• [Material provided]:
##########
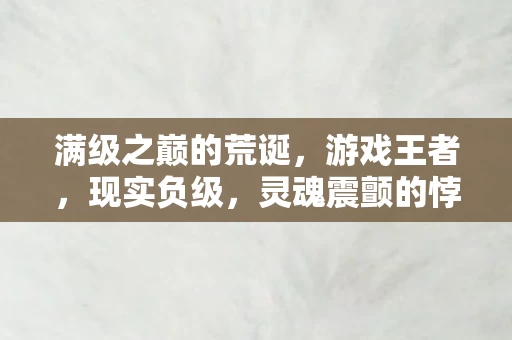 满级之巅的荒诞,游戏王者,现实负级,灵魂震颤的悖论人生 满级之巅的荒诞,游戏王者,现实负级,灵魂震颤的悖论人生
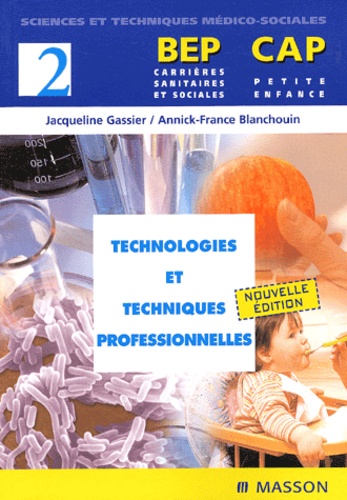 Annick-France Blanchouin et Jacqueline Gassier - Technologies Et Techniques Professionnelles Bep Carrieres Sanitaires Et Sociales/Cap Petite Enfance.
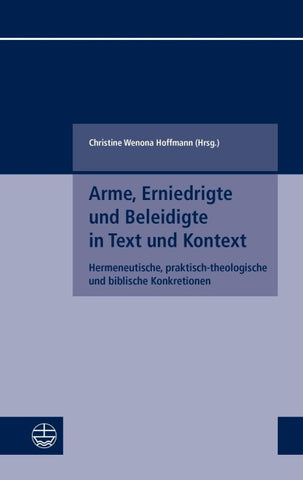 Arme, Erniedrigte und Beleidigte in Text und Kontext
##########
• [Task item]: Word for word, give again the lines from the line holding "Annick-France Blanchouin et" through the last line of the material, both included; pictures are not part of the copy.

• [Written solution]:
 Annick-France Blanchouin et Jacqueline Gassier - Technologies Et Techniques Professionnelles Bep Carrieres Sanitaires Et Sociales/Cap Petite Enfance.
 Arme, Erniedrigte und Beleidigte in Text und Kontext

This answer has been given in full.